> Task to complete
Transcribe the stretch of entries below from the line with "Vintage 80s Shorts" through the line with "Women's Heathered Gray", exactly and with both ends included; leave out all other lines.

***** Records for the exercise *****

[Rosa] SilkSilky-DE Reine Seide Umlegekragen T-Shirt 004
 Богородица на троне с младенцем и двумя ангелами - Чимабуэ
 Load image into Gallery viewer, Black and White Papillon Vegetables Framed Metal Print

*****
***** Records for the exercise *****

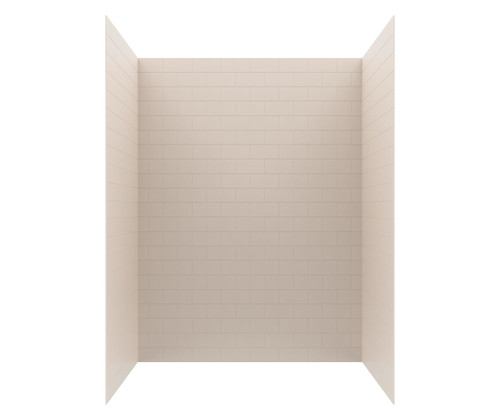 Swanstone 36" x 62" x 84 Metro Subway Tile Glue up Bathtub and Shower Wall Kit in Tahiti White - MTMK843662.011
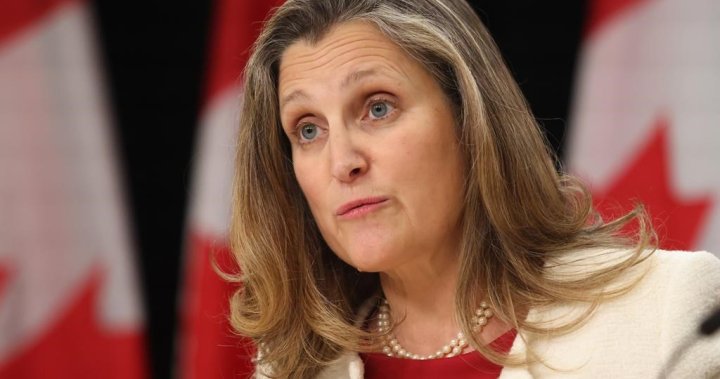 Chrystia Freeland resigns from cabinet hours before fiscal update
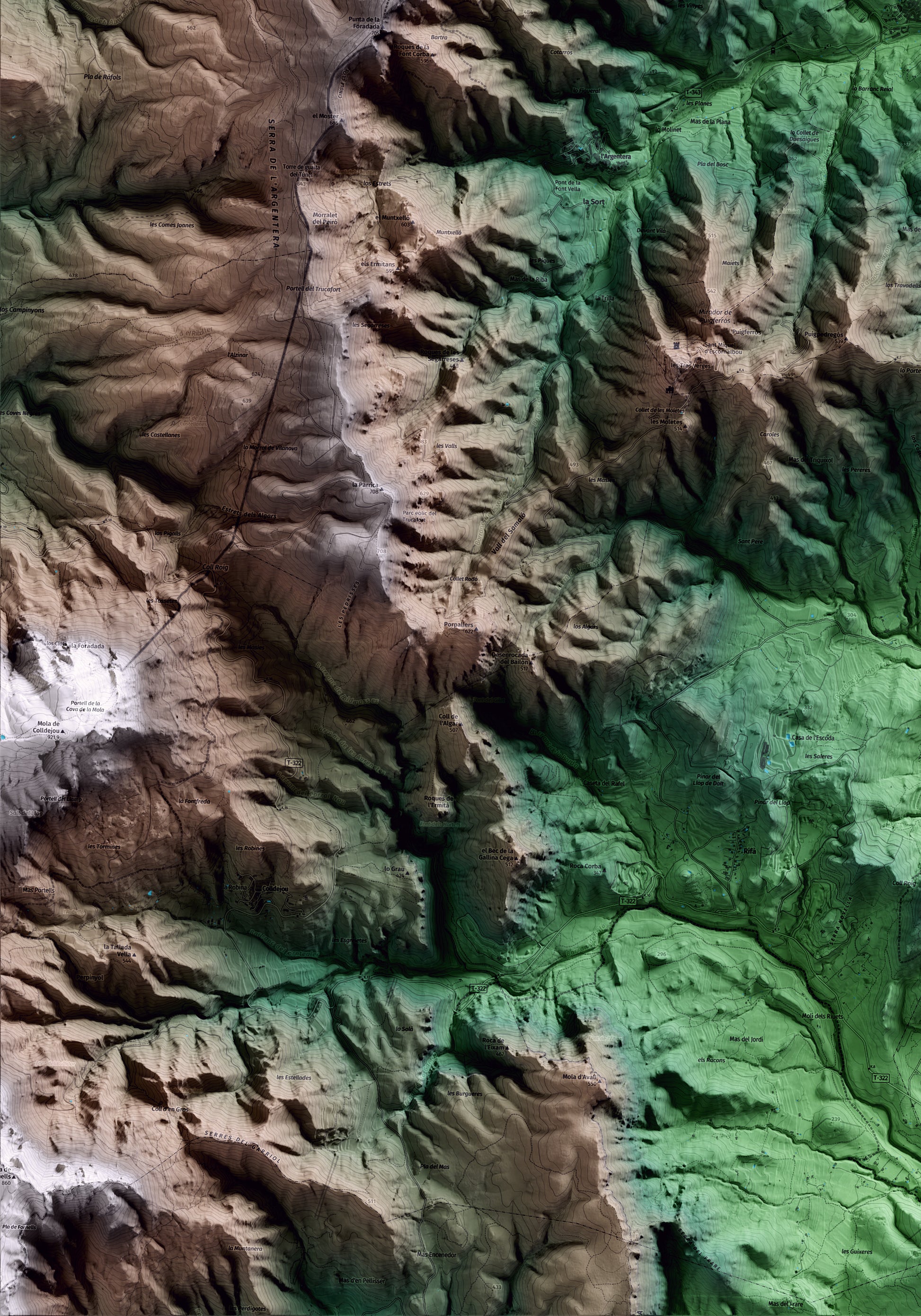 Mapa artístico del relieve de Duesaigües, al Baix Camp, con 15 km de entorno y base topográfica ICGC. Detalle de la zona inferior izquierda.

*****
***** Records for the exercise *****

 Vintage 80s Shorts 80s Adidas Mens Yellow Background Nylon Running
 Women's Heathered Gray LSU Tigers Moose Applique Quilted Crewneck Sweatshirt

*****

> Reply
 Vintage 80s Shorts 80s Adidas Mens Yellow Background Nylon Running
 Women's Heathered Gray LSU Tigers Moose Applique Quilted Crewneck Sweatshirt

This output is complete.